Last but not least, return decision-making later in life also provokes questions about what Levitt and Glick-Schiller (2004) call transnational ‘ways of belonging’, via memories, nostalgia and imagined or vicarious connections to distant places. Conceiving of mobility in this way may be especially relevant to older people’s experiences insofar as memories, stories, photographs, food, music and so on can provide compensatory mechanisms when physical movement ceases due to ill-health or frailty (Ciobanu and Hunter 2017). This was brought home to me most memorably during my fieldwork in Senegal, and it is here that I will close, with a scene from my time in Dembancané in January 2009.

Late one sunny afternoon I was out for a stroll with my host Jaabé. He had wanted to show me some of the building projects financed by the expatriate villagers living in France. As intimated earlier in the book, such projects are numerous and although Dembancané is not a big place, we were gone several hours, inspecting the clinic, the post office, two schools, and the recently inaugurated market hall. After the tour, as we were walking back to Jaabe’s house, we came across a group of older men sat in shade by the side of the path. After the customary introductions one of them started to speak to me. It was an observation about the weather: “It’s cold chez nous”, he said. Being from a country where that topic is a conversational mainstay, I was almost relieved to be on familiar territory for a moment, as I joked: "Non, non, au contraire, it is hot here today, for me at least!" Yet my new acquaintance’s remark was far from idle chatter: he wished to make a point. "Non, non, chez nous, la France – there’s snow in Paris." And the penny dropped: I was in the presence of a fellow Parisian. What he said next struck a chord and will remain forever imprinted on my memory:

You know, after spending forty years in Paris, it’s the only thing in my dreams.
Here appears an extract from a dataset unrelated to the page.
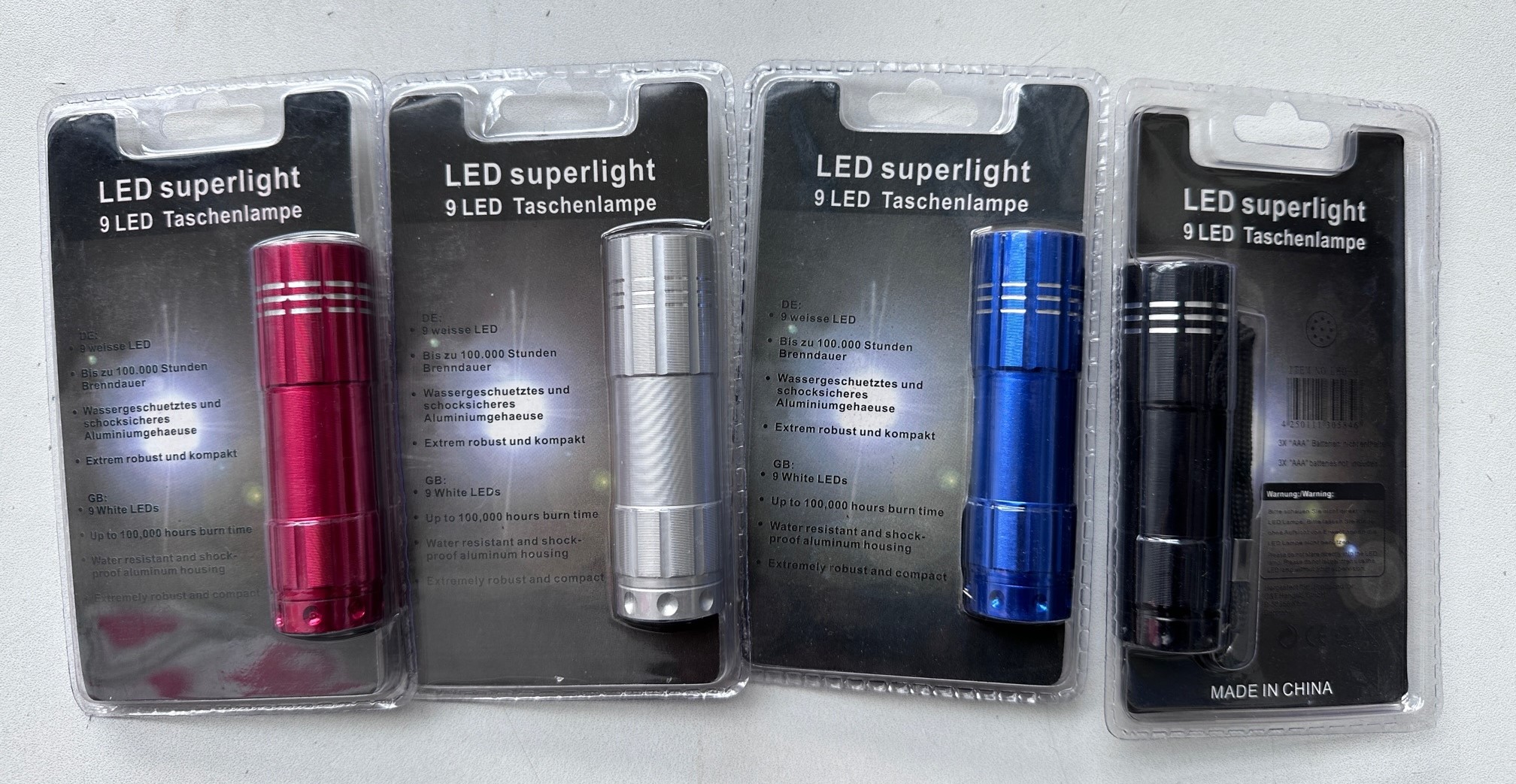 LED Taschenlampe (9 LED) - zum Schließen ins Bild klicken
At night, the métro, the boulevards teeming with people, all of that.

I never forget. I am not able to forget.Footnote 11

How could it be otherwise? In their lifelong quest for inclusion and recognition – in France as worker, pensioner, patient; in places of origin as a person of rank – circulating between these two worlds became an existential imperative. I do the va-et-vient, therefore I am. When their bodies can no longer carry them, the voyage back-and-forth continues, in memories and dreams.